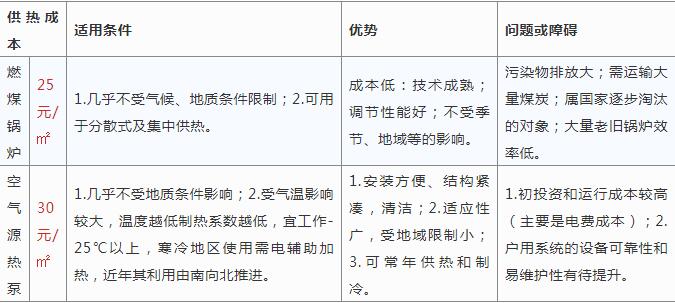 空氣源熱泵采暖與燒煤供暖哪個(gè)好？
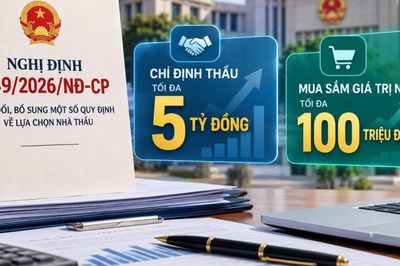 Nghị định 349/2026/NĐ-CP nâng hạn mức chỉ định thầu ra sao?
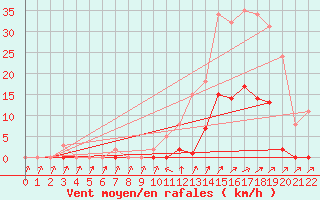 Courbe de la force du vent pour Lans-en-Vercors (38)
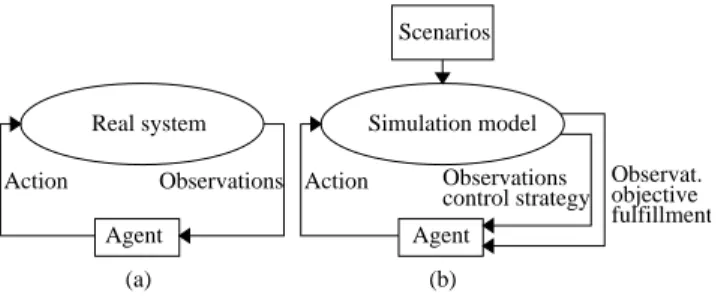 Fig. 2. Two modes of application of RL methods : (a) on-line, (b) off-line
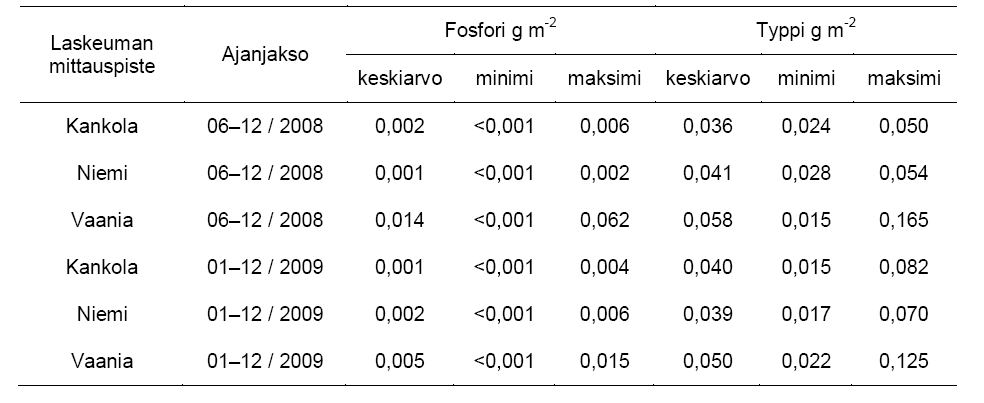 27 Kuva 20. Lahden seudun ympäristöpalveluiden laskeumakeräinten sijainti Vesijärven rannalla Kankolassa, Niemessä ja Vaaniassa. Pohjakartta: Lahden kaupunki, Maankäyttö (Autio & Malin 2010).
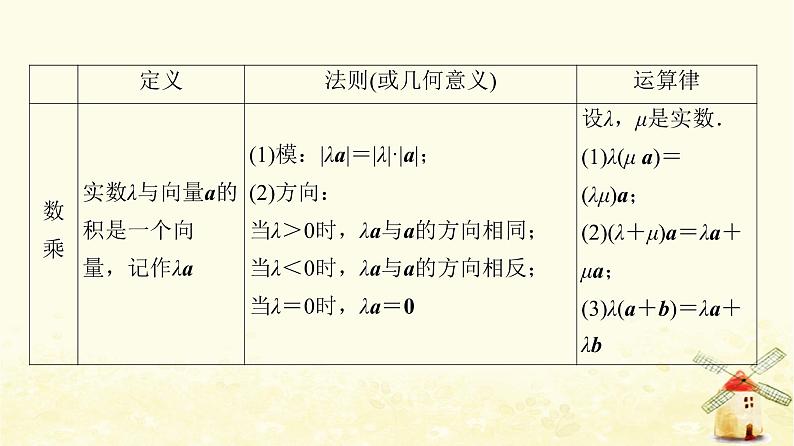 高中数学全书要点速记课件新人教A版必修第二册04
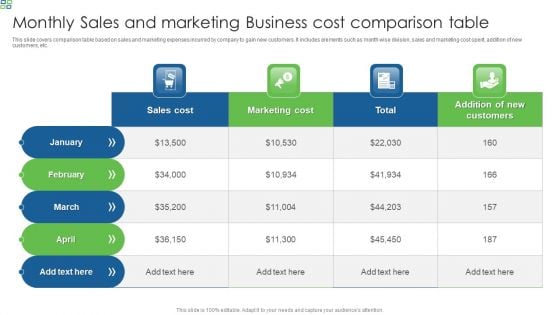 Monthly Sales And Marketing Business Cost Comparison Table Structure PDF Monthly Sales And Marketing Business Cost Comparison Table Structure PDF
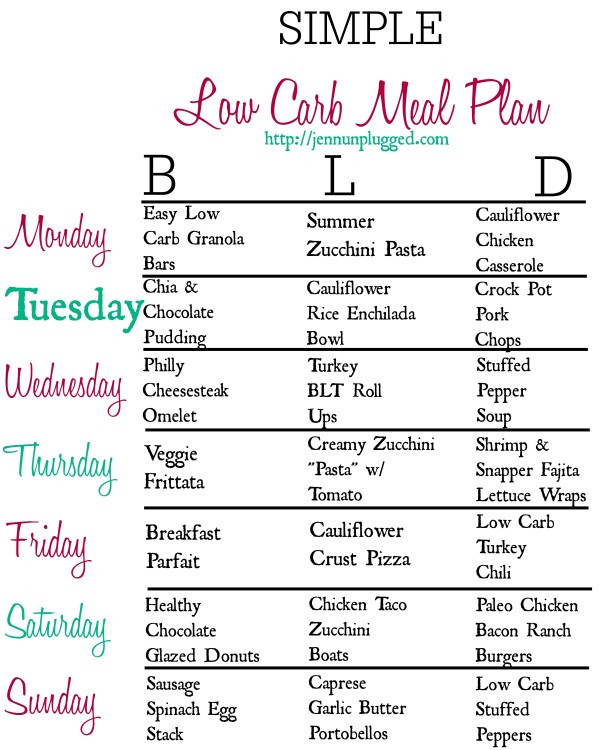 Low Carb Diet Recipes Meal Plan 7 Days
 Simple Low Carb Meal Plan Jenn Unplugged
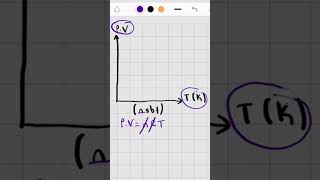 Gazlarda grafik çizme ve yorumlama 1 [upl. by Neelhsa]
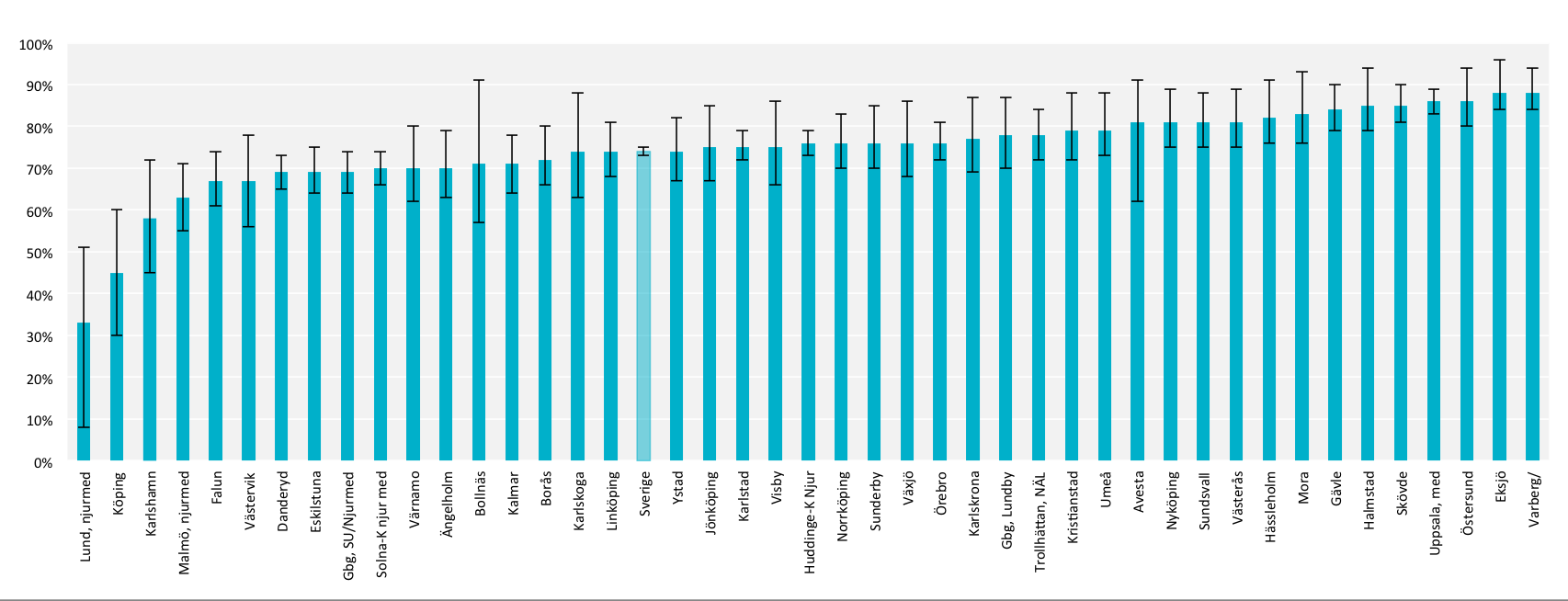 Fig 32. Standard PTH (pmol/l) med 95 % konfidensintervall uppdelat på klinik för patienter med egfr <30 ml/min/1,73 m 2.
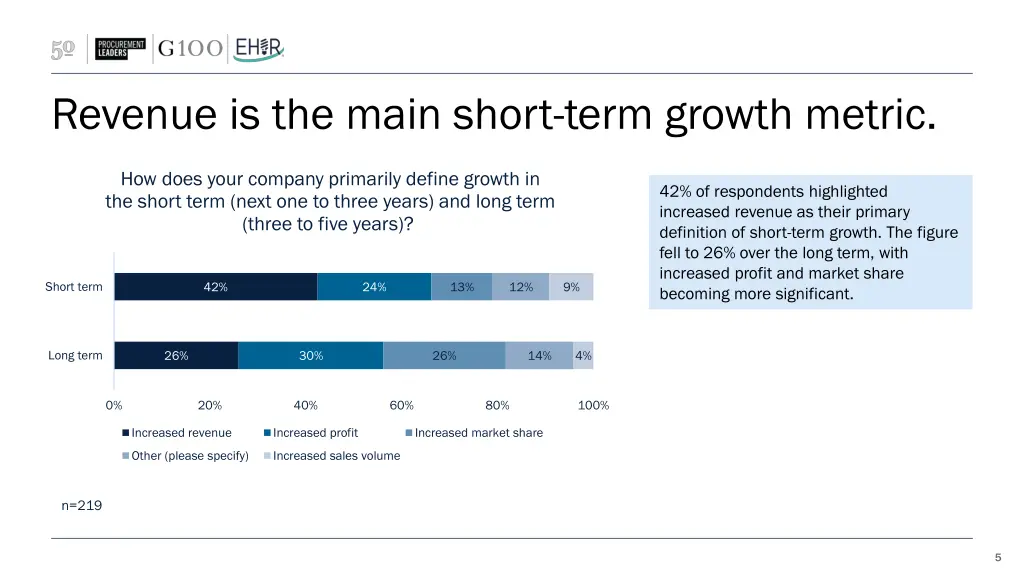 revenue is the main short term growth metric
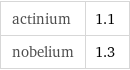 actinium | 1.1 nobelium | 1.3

▶ _Exercise directions_: In your copy, reproduce the data above exactly and skip every picture.

▶ _Output of the task_:
 空氣源熱泵采暖與燒煤供暖哪個(gè)好？
 Nghị định 349/2026/NĐ-CP nâng hạn mức chỉ định thầu ra sao?
 Courbe de la force du vent pour Lans-en-Vercors (38)
 Fig. 2. Two modes of application of RL methods : (a) on-line, (b) off-line
 27 Kuva 20. Lahden seudun ympäristöpalveluiden laskeumakeräinten sijainti Vesijärven rannalla Kankolassa, Niemessä ja Vaaniassa. Pohjakartta: Lahden kaupunki, Maankäyttö (Autio & Malin 2010).
 高中数学全书要点速记课件新人教A版必修第二册04
 Monthly Sales And Marketing Business Cost Comparison Table Structure PDF Monthly Sales And Marketing Business Cost Comparison Table Structure PDF
 Low Carb Diet Recipes Meal Plan 7 Days
 Simple Low Carb Meal Plan Jenn Unplugged
 Gazlarda grafik çizme ve yorumlama 1 [upl. by Neelhsa]
 Fig 32. Standard PTH (pmol/l) med 95 % konfidensintervall uppdelat på klinik för patienter med egfr <30 ml/min/1,73 m 2.
 revenue is the main short term growth metric
 actinium | 1.1 nobelium | 1.3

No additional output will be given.